*** Dataset excerpts Section Begins ***

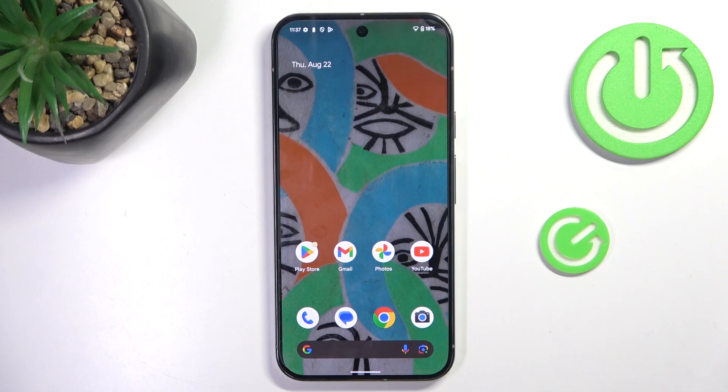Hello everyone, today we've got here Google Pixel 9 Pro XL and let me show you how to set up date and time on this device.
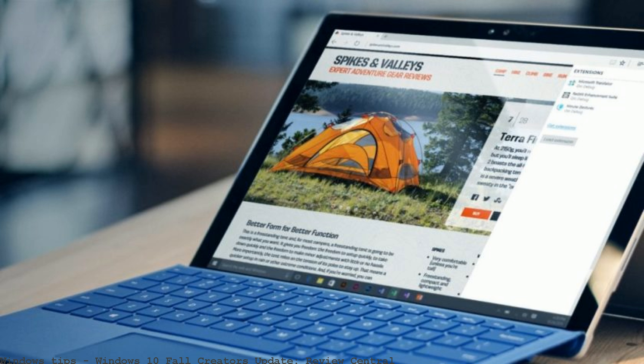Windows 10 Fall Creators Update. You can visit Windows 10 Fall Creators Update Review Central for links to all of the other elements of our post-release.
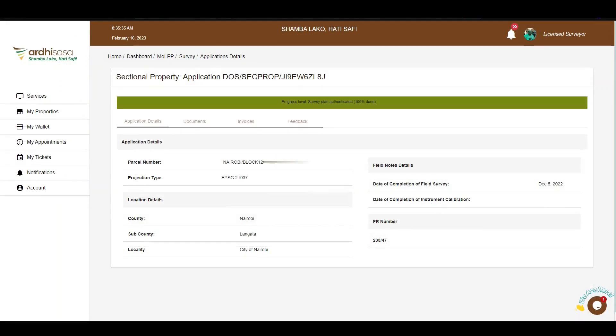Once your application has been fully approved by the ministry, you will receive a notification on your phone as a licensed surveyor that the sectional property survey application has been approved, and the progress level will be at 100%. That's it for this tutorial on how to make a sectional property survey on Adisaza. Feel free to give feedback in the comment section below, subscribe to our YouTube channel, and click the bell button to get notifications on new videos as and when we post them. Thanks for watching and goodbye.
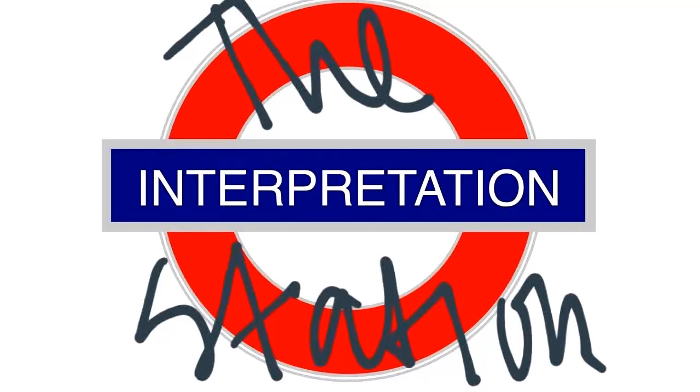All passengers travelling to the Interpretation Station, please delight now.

*** Dataset excerpts Section Ends ***
*** Dataset excerpts Section Begins ***

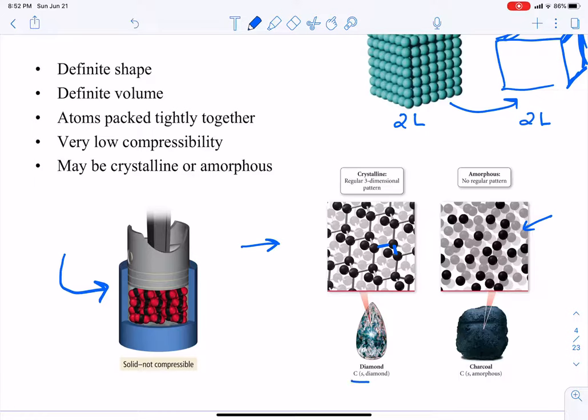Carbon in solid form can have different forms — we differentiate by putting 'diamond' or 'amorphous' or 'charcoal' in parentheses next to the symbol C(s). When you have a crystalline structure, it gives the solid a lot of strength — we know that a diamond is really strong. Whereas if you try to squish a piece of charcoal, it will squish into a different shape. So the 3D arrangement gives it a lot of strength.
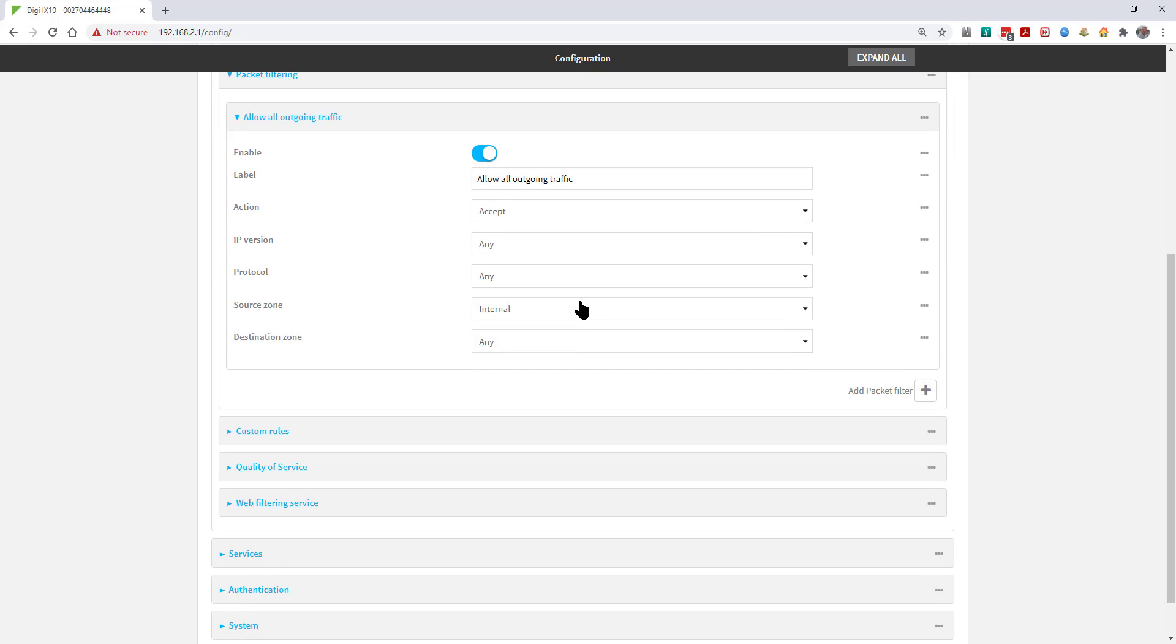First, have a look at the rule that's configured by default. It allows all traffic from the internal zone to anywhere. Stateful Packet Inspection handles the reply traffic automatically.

*** Dataset excerpts Section Ends ***
*** Dataset excerpts Section Begins ***

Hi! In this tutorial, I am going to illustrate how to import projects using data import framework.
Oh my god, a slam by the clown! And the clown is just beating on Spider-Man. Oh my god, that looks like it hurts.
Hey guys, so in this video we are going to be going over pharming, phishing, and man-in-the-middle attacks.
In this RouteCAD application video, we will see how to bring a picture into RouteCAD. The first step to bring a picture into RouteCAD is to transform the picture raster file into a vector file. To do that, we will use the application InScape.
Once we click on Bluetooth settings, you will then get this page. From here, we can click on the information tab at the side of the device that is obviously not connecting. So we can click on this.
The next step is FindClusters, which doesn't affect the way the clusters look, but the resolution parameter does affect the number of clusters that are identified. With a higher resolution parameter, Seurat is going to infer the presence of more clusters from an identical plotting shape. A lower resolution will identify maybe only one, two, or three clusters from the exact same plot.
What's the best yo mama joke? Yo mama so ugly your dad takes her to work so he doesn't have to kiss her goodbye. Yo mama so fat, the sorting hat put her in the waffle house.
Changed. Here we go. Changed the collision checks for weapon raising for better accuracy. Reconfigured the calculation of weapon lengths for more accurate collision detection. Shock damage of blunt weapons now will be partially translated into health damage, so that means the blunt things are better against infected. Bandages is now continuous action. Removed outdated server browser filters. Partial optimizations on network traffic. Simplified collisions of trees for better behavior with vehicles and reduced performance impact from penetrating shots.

*** Dataset excerpts Section Ends ***

■ **What is needed**:
Looking at the data above, return every line from the one with "Hey guys, so" down to the one with "Once we click", exactly and inclusively.

■ **Response to this exercise**:
Hey guys, so in this video we are going to be going over pharming, phishing, and man-in-the-middle attacks.
In this RouteCAD application video, we will see how to bring a picture into RouteCAD. The first step to bring a picture into RouteCAD is to transform the picture raster file into a vector file. To do that, we will use the application InScape.
Once we click on Bluetooth settings, you will then get this page. From here, we can click on the information tab at the side of the device that is obviously not connecting. So we can click on this.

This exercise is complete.